#### WORK TASK:
Reproduce the listing exactly. Omit pictures.

#### GIVEN ENTRIES:
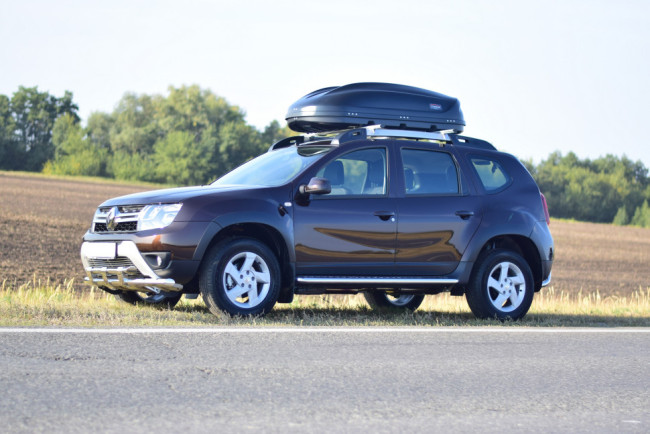 Защита переднего бампера двойная с пластинами (НПС) Renault Duster 2016- купить в интернет-магазине tuning63 Защита переднего бампера двойная с пластинами (НПС) Renault Duster 2016- купить в интернет-магазине tuning63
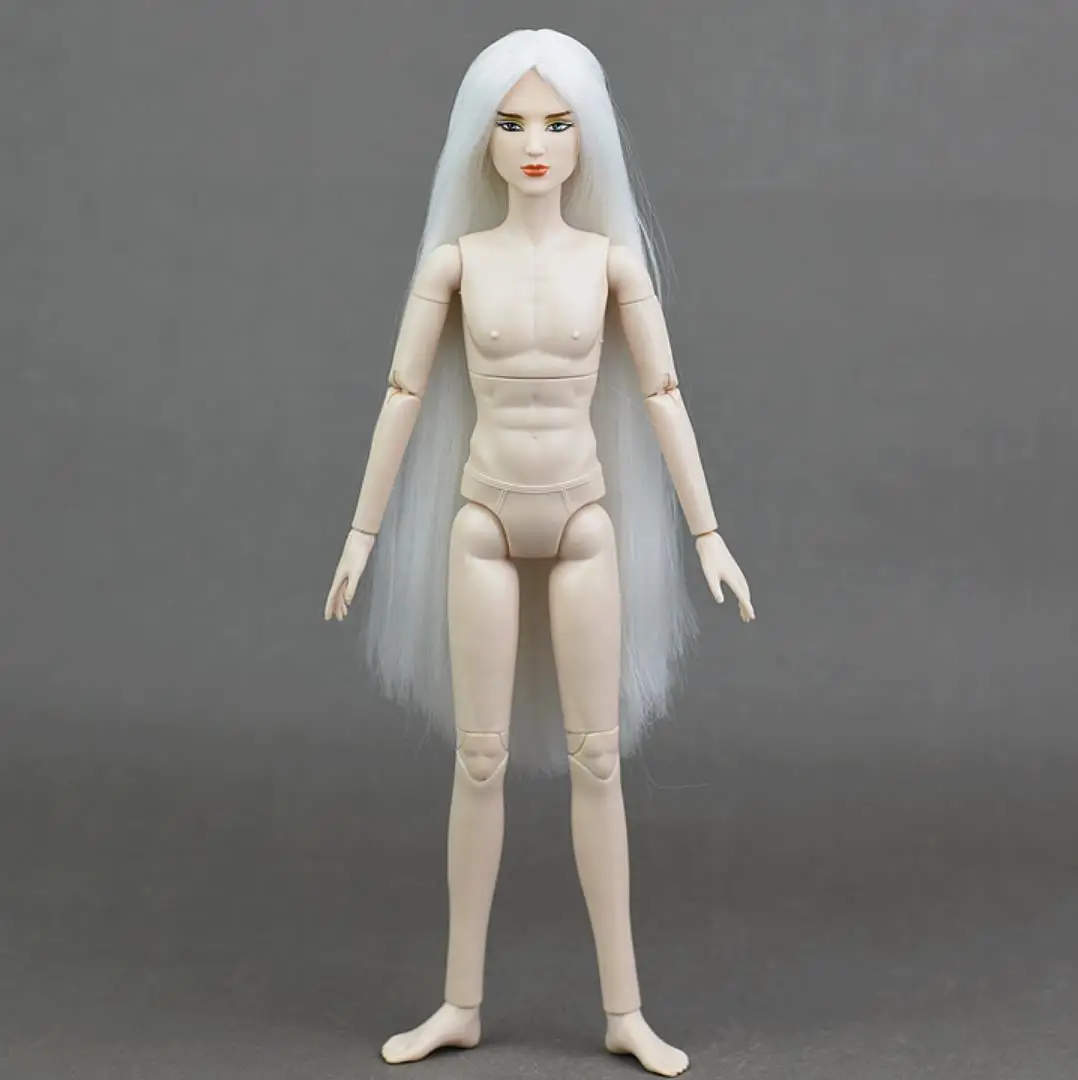 Chinese Classic YUGE Male Doll Figures 20 Joints Flexible Body BJD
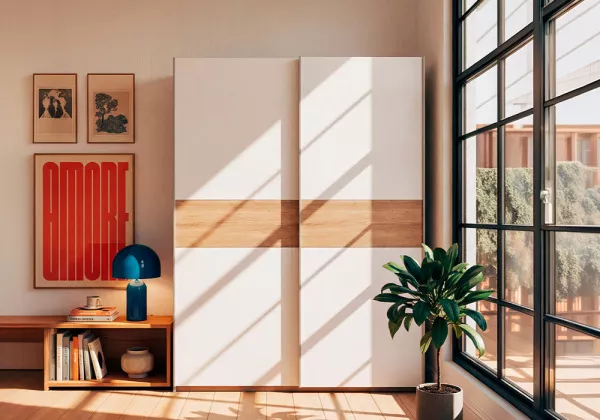 Armario de puertas correderas OLSON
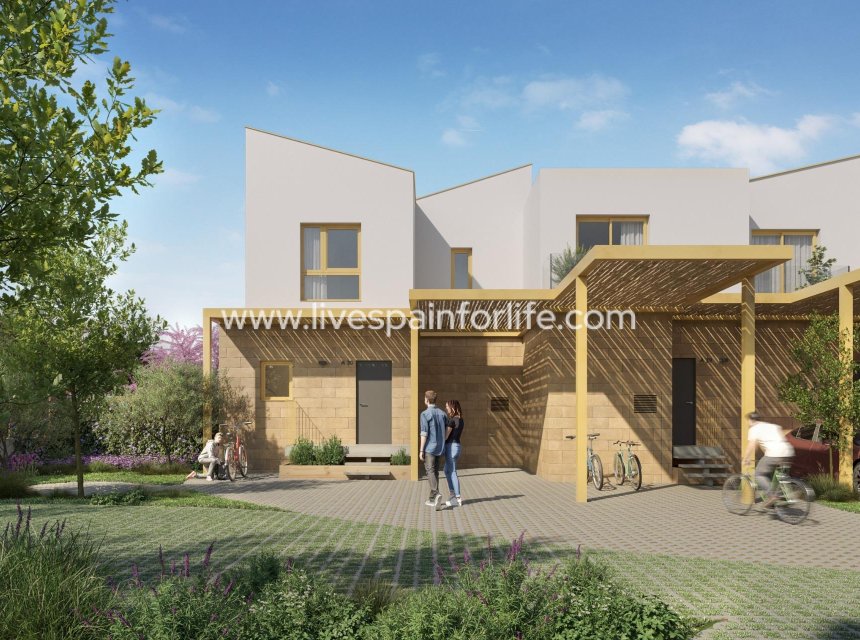 Nieuwbouw - Rijwoning -
El Verger - Playa de La Almadraba
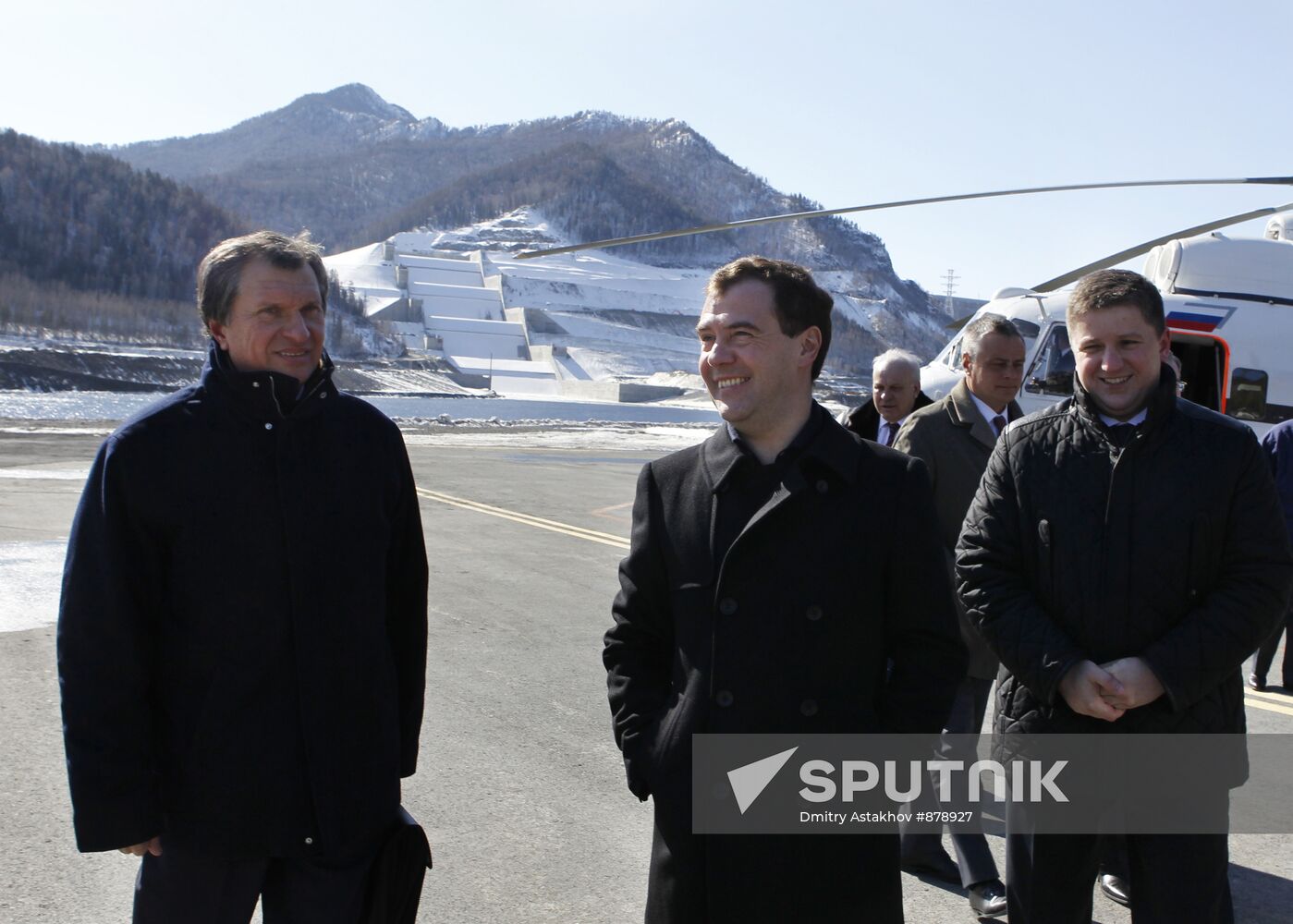 Dmitry Medvedev visits Siberian Federal District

#### TASK RESULT:
 Защита переднего бампера двойная с пластинами (НПС) Renault Duster 2016- купить в интернет-магазине tuning63 Защита переднего бампера двойная с пластинами (НПС) Renault Duster 2016- купить в интернет-магазине tuning63
 Chinese Classic YUGE Male Doll Figures 20 Joints Flexible Body BJD
 Armario de puertas correderas OLSON
 Nieuwbouw - Rijwoning -
El Verger - Playa de La Almadraba
 Dmitry Medvedev visits Siberian Federal District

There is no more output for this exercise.